Task to carry out ->
Copy out the whole listing below exactly.

Supplied material ->

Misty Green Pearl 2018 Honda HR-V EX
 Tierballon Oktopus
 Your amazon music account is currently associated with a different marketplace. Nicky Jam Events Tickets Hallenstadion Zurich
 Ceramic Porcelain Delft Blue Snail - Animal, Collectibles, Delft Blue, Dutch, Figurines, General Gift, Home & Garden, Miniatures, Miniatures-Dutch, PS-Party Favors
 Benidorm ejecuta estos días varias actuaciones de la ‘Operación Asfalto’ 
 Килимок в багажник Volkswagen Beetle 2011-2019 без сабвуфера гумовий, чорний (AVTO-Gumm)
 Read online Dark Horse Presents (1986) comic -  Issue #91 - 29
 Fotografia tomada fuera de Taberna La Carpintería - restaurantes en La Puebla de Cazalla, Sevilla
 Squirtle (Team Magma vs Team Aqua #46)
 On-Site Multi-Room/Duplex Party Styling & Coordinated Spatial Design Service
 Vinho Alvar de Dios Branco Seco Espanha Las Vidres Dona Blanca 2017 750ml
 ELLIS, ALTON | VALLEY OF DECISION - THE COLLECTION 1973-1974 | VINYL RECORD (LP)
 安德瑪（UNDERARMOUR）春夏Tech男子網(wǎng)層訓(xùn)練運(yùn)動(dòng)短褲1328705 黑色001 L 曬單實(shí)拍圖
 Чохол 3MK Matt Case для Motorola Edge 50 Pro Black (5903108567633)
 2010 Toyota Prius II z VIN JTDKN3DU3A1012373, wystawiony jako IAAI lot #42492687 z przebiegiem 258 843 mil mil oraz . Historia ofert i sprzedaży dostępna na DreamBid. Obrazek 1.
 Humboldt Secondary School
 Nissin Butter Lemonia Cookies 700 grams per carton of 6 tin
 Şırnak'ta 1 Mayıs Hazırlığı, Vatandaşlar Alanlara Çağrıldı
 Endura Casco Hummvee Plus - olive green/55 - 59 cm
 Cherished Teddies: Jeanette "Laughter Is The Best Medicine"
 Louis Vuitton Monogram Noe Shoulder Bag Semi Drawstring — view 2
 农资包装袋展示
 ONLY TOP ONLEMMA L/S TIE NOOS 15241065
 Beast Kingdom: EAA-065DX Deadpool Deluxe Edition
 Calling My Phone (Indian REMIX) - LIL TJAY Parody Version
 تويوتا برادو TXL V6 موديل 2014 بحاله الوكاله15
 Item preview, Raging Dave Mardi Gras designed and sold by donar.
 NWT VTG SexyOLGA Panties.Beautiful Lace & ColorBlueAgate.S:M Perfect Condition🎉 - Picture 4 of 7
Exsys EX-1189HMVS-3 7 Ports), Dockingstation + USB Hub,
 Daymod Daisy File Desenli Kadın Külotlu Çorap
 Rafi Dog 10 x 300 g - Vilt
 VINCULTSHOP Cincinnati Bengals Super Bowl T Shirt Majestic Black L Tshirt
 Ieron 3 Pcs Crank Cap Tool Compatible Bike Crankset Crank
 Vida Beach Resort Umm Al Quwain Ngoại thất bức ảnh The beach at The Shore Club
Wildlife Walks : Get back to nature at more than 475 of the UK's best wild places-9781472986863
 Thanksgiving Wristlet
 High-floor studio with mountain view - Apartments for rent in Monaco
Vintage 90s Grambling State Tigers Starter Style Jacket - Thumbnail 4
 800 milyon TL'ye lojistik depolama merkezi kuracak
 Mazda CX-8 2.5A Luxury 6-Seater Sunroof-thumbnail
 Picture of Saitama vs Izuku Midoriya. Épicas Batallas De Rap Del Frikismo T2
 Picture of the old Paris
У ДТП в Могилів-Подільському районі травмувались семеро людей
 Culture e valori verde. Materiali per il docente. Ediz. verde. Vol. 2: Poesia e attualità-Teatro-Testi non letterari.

Problem solution ->
Misty Green Pearl 2018 Honda HR-V EX
 Tierballon Oktopus
 Your amazon music account is currently associated with a different marketplace. Nicky Jam Events Tickets Hallenstadion Zurich
 Ceramic Porcelain Delft Blue Snail - Animal, Collectibles, Delft Blue, Dutch, Figurines, General Gift, Home & Garden, Miniatures, Miniatures-Dutch, PS-Party Favors
 Benidorm ejecuta estos días varias actuaciones de la ‘Operación Asfalto’ 
 Килимок в багажник Volkswagen Beetle 2011-2019 без сабвуфера гумовий, чорний (AVTO-Gumm)
 Read online Dark Horse Presents (1986) comic -  Issue #91 - 29
 Fotografia tomada fuera de Taberna La Carpintería - restaurantes en La Puebla de Cazalla, Sevilla
 Squirtle (Team Magma vs Team Aqua #46)
 On-Site Multi-Room/Duplex Party Styling & Coordinated Spatial Design Service
 Vinho Alvar de Dios Branco Seco Espanha Las Vidres Dona Blanca 2017 750ml
 ELLIS, ALTON | VALLEY OF DECISION - THE COLLECTION 1973-1974 | VINYL RECORD (LP)
 安德瑪（UNDERARMOUR）春夏Tech男子網(wǎng)層訓(xùn)練運(yùn)動(dòng)短褲1328705 黑色001 L 曬單實(shí)拍圖
 Чохол 3MK Matt Case для Motorola Edge 50 Pro Black (5903108567633)
 2010 Toyota Prius II z VIN JTDKN3DU3A1012373, wystawiony jako IAAI lot #42492687 z przebiegiem 258 843 mil mil oraz . Historia ofert i sprzedaży dostępna na DreamBid. Obrazek 1.
 Humboldt Secondary School
 Nissin Butter Lemonia Cookies 700 grams per carton of 6 tin
 Şırnak'ta 1 Mayıs Hazırlığı, Vatandaşlar Alanlara Çağrıldı
 Endura Casco Hummvee Plus - olive green/55 - 59 cm
 Cherished Teddies: Jeanette "Laughter Is The Best Medicine"
 Louis Vuitton Monogram Noe Shoulder Bag Semi Drawstring — view 2
 农资包装袋展示
 ONLY TOP ONLEMMA L/S TIE NOOS 15241065
 Beast Kingdom: EAA-065DX Deadpool Deluxe Edition
 Calling My Phone (Indian REMIX) - LIL TJAY Parody Version
 تويوتا برادو TXL V6 موديل 2014 بحاله الوكاله15
 Item preview, Raging Dave Mardi Gras designed and sold by donar.
 NWT VTG SexyOLGA Panties.Beautiful Lace & ColorBlueAgate.S:M Perfect Condition🎉 - Picture 4 of 7
Exsys EX-1189HMVS-3 7 Ports), Dockingstation + USB Hub,
 Daymod Daisy File Desenli Kadın Külotlu Çorap
 Rafi Dog 10 x 300 g - Vilt
 VINCULTSHOP Cincinnati Bengals Super Bowl T Shirt Majestic Black L Tshirt
 Ieron 3 Pcs Crank Cap Tool Compatible Bike Crankset Crank
 Vida Beach Resort Umm Al Quwain Ngoại thất bức ảnh The beach at The Shore Club
Wildlife Walks : Get back to nature at more than 475 of the UK's best wild places-9781472986863
 Thanksgiving Wristlet
 High-floor studio with mountain view - Apartments for rent in Monaco
Vintage 90s Grambling State Tigers Starter Style Jacket - Thumbnail 4
 800 milyon TL'ye lojistik depolama merkezi kuracak
 Mazda CX-8 2.5A Luxury 6-Seater Sunroof-thumbnail
 Picture of Saitama vs Izuku Midoriya. Épicas Batallas De Rap Del Frikismo T2
 Picture of the old Paris
У ДТП в Могилів-Подільському районі травмувались семеро людей
 Culture e valori verde. Materiali per il docente. Ediz. verde. Vol. 2: Poesia e attualità-Teatro-Testi non letterari.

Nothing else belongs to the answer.